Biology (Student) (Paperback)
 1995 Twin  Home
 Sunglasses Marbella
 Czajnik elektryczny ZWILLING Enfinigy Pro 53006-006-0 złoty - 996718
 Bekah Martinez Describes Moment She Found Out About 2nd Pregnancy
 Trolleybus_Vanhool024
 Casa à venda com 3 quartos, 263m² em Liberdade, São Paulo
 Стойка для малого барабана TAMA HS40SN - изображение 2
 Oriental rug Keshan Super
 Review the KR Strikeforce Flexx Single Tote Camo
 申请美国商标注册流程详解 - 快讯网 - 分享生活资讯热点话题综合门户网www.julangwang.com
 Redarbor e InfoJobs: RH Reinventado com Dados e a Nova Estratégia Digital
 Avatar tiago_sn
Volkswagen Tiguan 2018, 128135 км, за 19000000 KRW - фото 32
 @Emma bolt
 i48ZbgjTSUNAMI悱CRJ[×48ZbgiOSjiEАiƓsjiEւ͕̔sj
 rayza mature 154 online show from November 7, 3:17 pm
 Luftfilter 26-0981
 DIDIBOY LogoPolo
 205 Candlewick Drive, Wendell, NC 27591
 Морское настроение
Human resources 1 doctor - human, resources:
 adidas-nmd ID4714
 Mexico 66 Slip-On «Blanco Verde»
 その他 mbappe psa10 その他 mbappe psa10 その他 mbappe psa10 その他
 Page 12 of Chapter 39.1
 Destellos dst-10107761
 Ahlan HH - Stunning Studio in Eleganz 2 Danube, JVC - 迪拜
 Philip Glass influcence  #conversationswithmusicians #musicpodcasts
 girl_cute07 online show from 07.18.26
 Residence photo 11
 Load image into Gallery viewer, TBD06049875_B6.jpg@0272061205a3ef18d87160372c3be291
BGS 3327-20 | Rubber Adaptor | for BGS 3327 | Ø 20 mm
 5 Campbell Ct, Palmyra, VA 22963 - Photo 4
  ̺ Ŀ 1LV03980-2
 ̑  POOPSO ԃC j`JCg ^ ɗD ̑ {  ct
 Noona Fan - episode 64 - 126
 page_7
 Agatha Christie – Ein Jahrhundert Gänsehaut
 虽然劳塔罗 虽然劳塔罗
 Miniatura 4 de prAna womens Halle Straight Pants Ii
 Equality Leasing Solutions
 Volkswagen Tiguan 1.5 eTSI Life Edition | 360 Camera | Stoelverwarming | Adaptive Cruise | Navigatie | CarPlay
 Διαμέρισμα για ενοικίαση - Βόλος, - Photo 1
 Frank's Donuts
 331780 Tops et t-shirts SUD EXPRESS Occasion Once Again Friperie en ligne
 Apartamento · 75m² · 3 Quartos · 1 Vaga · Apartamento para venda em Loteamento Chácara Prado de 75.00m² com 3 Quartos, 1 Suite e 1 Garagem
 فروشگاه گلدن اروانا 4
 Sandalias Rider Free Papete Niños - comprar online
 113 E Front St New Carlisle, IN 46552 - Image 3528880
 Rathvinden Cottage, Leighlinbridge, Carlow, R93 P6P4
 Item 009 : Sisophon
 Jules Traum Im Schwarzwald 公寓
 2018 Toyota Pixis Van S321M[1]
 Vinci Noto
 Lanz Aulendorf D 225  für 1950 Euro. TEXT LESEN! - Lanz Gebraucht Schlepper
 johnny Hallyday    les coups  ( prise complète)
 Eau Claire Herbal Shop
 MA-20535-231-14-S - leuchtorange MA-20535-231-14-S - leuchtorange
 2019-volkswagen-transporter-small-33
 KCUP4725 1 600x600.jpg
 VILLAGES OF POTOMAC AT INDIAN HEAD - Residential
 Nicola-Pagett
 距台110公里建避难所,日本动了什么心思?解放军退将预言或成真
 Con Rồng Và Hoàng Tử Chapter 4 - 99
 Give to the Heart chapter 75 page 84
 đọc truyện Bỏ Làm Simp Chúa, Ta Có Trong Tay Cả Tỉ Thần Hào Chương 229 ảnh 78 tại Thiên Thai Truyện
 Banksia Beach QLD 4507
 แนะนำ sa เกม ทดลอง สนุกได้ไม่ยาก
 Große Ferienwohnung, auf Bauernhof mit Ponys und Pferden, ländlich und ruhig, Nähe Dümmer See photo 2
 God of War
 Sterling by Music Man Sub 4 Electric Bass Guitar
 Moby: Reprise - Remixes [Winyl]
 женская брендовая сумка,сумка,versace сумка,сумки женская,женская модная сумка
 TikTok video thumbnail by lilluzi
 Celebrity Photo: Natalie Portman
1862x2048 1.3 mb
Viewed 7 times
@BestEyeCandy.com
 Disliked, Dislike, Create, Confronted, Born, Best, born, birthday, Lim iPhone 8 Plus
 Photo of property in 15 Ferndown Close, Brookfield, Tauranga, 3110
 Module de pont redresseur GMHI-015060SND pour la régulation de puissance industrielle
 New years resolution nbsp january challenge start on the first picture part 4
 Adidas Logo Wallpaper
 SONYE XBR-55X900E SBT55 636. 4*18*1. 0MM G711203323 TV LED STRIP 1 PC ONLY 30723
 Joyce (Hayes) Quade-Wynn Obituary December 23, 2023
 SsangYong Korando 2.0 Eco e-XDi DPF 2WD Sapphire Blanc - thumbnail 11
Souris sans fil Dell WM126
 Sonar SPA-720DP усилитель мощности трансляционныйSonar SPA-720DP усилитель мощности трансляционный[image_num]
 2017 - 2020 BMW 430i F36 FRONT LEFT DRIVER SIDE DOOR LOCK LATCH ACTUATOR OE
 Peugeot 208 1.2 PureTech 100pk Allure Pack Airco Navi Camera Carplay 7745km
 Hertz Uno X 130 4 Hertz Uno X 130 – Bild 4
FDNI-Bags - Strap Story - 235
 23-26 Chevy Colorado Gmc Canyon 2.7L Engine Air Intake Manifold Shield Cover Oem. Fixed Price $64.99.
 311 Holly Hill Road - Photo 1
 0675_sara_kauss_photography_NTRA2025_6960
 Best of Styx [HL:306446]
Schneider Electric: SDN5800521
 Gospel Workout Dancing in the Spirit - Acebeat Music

WHAT YOU NEED TO DO » Look above for the line containing "Стойка для малого" and the line containing "rayza mature 154". Transcribe both, with the lines between them, exactly.

SOLUTION FOR THIS PROBLEM »
 Стойка для малого барабана TAMA HS40SN - изображение 2
 Oriental rug Keshan Super
 Review the KR Strikeforce Flexx Single Tote Camo
 申请美国商标注册流程详解 - 快讯网 - 分享生活资讯热点话题综合门户网www.julangwang.com
 Redarbor e InfoJobs: RH Reinventado com Dados e a Nova Estratégia Digital
 Avatar tiago_sn
Volkswagen Tiguan 2018, 128135 км, за 19000000 KRW - фото 32
 @Emma bolt
 i48ZbgjTSUNAMI悱CRJ[×48ZbgiOSjiEАiƓsjiEւ͕̔sj
 rayza mature 154 online show from November 7, 3:17 pm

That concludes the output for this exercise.